Post is known for her extensive Russian art and religious icon collection, which started when her third husband, Joseph E. Davies, was assigned to be the 2nd United States Ambassador to the Soviet Union in 1936. At that time the Russian government was disposing of art treasures seized from aristocrats in the Russian Revolution in order to raise cash.  Marjorie and Joseph were delighted with their finds (and later fought extensively over dividing them up in their divorce proceedings).

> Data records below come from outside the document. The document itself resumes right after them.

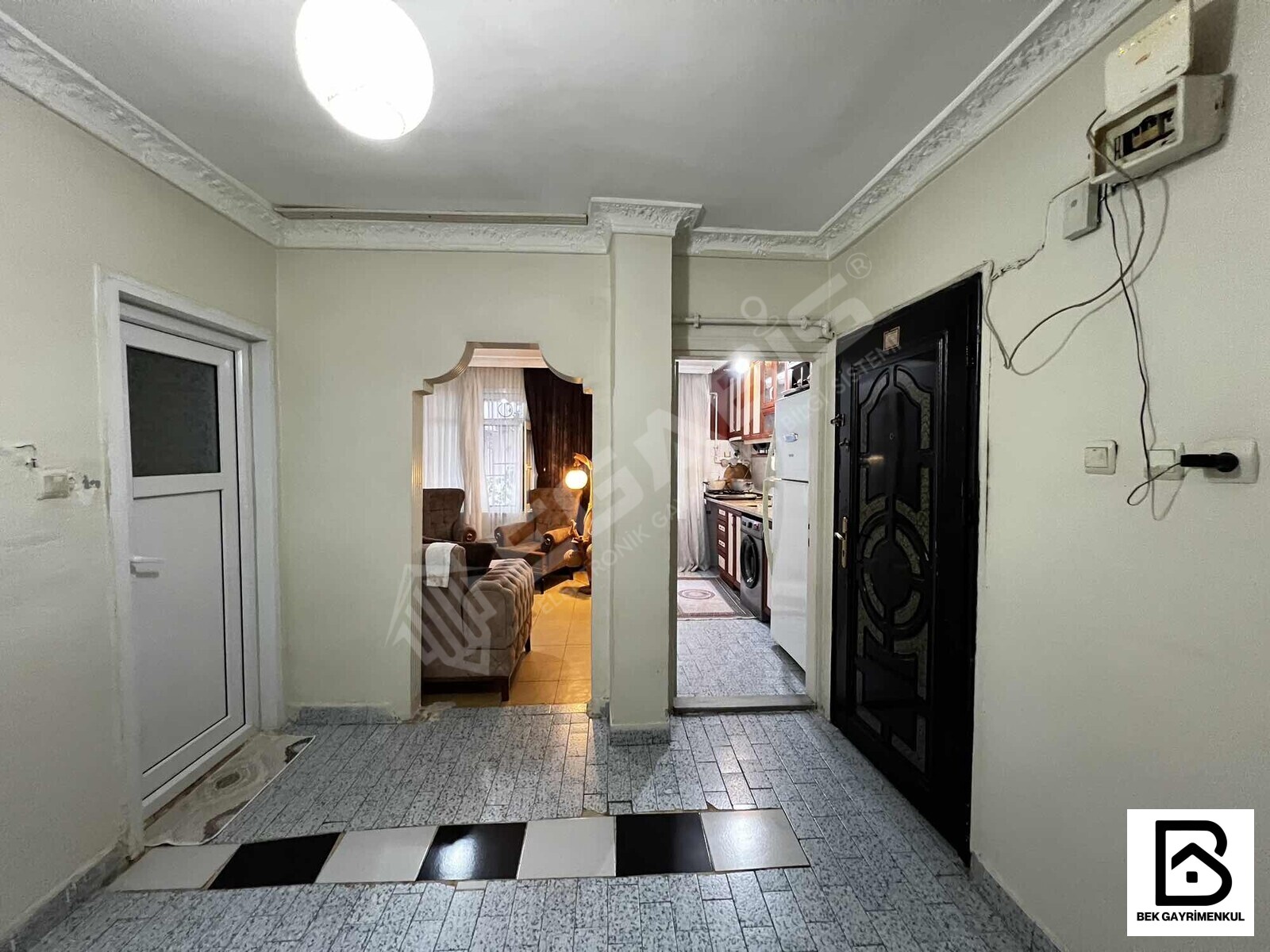 OTOBÜS DURAKLARI YAKINI SATILIK 1+1 70 M2 BALKONLU YÜKSEK GİRİŞ - 17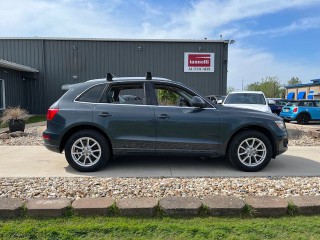 Image for 2010 Audi Q5 3.2T quattro Premium Plus ID: 7427029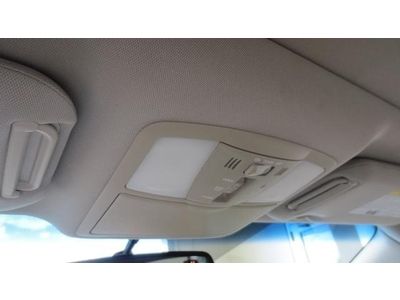 SL SUV 3.5L CD AWD Keyless Start Tow Hooks Power Steering 4-Wheel Disc Brakes, image 21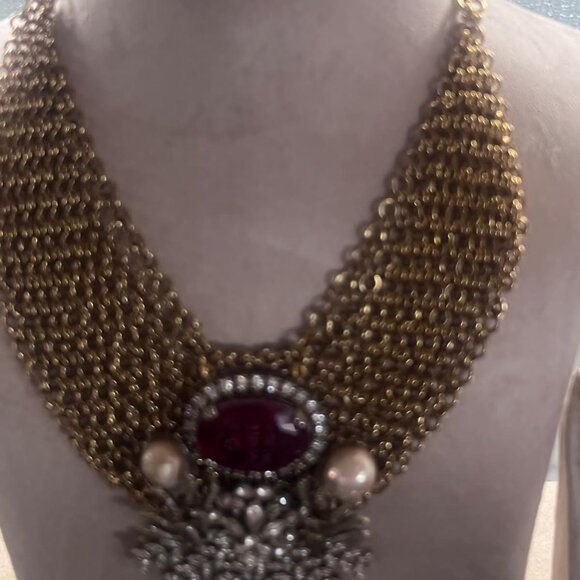 Antique Gold Kundan & Polki Mesh Necklace Set with Ruby and Pearl - Picture 15 of 16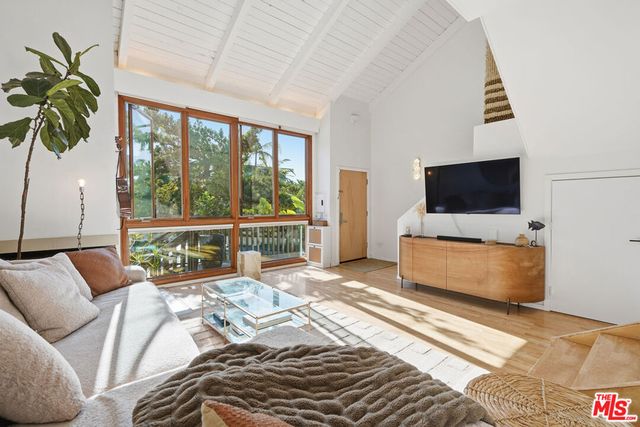 605 Strand Street, Santa Monica, CA 90405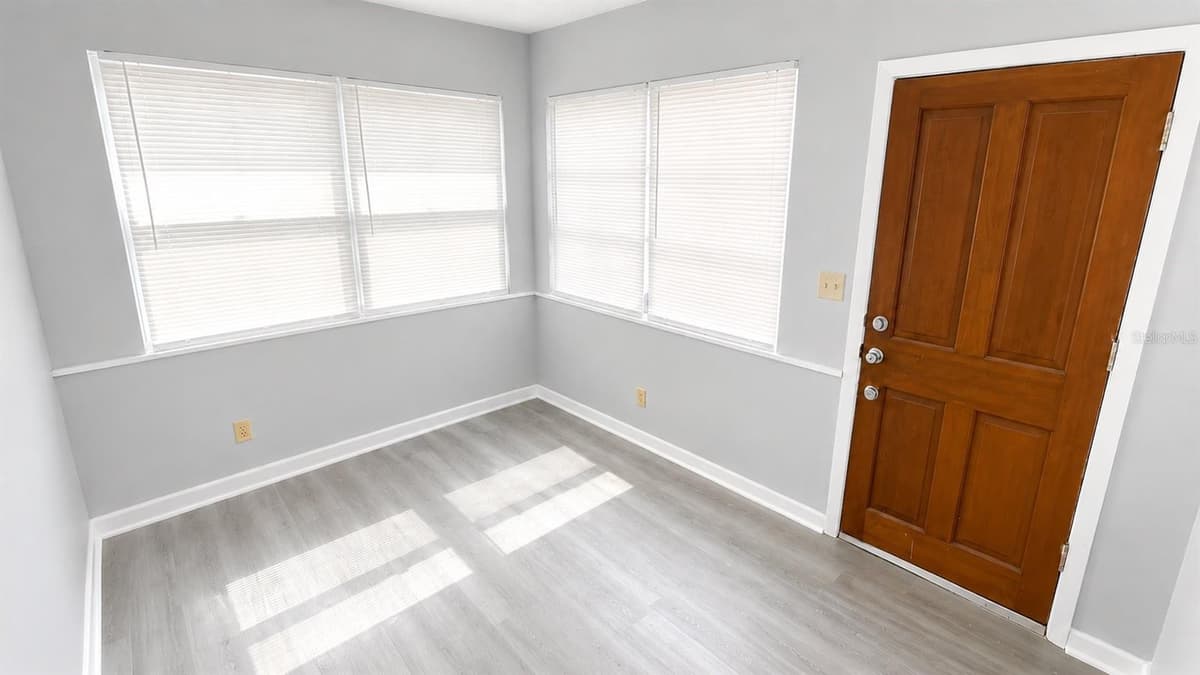 415 AVENUE E — photo 5 of 11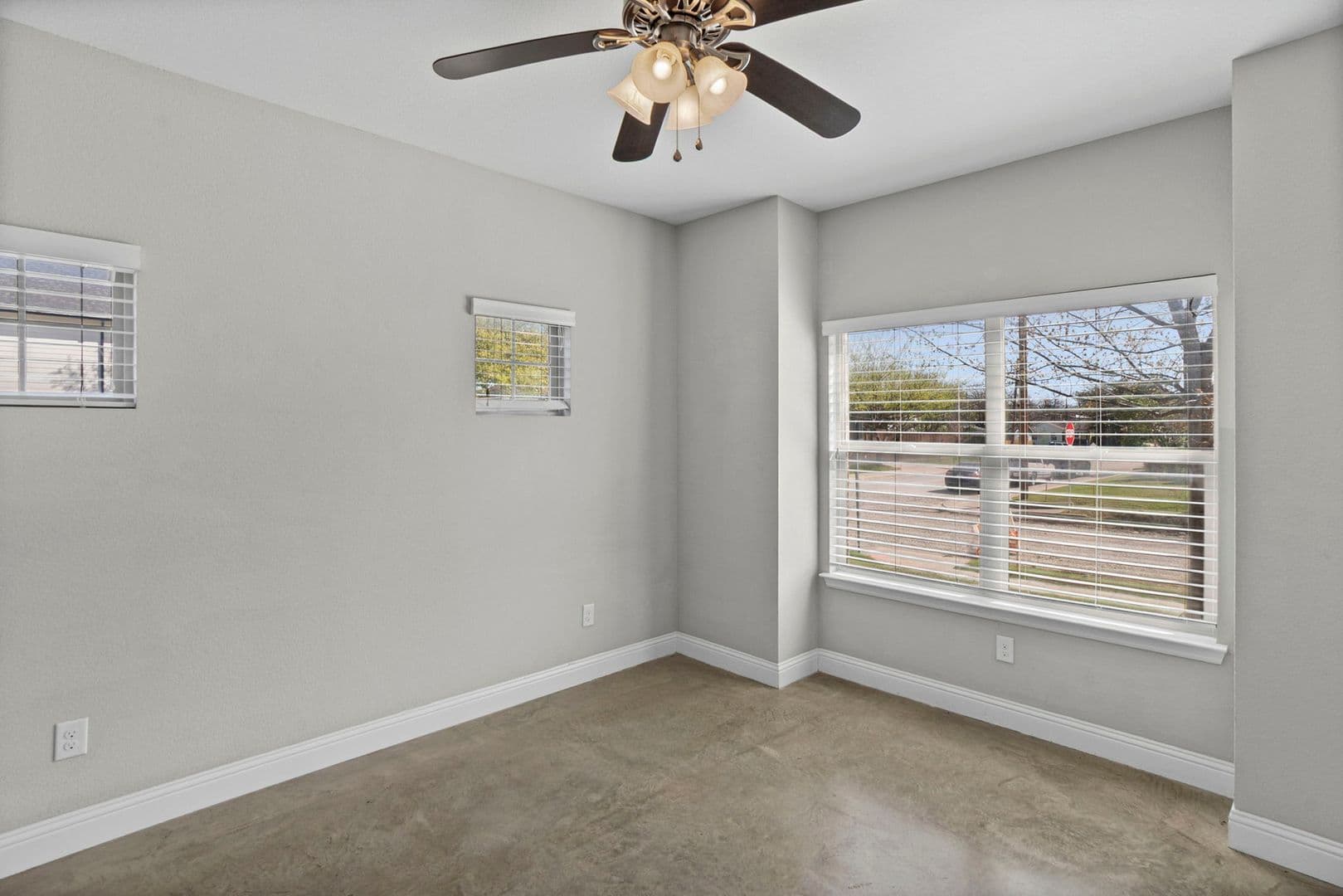 Fort Worth House: 2800 Gordon Ave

Post’s Hillwood home was one of her primary residences. It’s where she chose to be buried after her death in 1973. The home had fifteen-foot ceilings, a view of Washington Monument, a chandelier from the Russian Catherine Palace hanging in her breakfast nook, among so many other treasures.

Fabergé egg at Hillwood.

The Hillwood Estate now operates as a private museum, displaying her French and Russian art collection, including Fabergé eggs, Sèvres porcelain, French furniture, tapestries, paintings and more. A greenhouse houses one of the country’s finest orchid collections, and of course the outdoor gardens are lovely and extensive.

Post’s other surviving estate is a little place called Mar-a-Lago in Palm Beach, Florida –– perhaps you’ve heard of it? Fortunately, it’s not open to the general public, so I won’t have to wrestle with my conscious about whether or not to go there.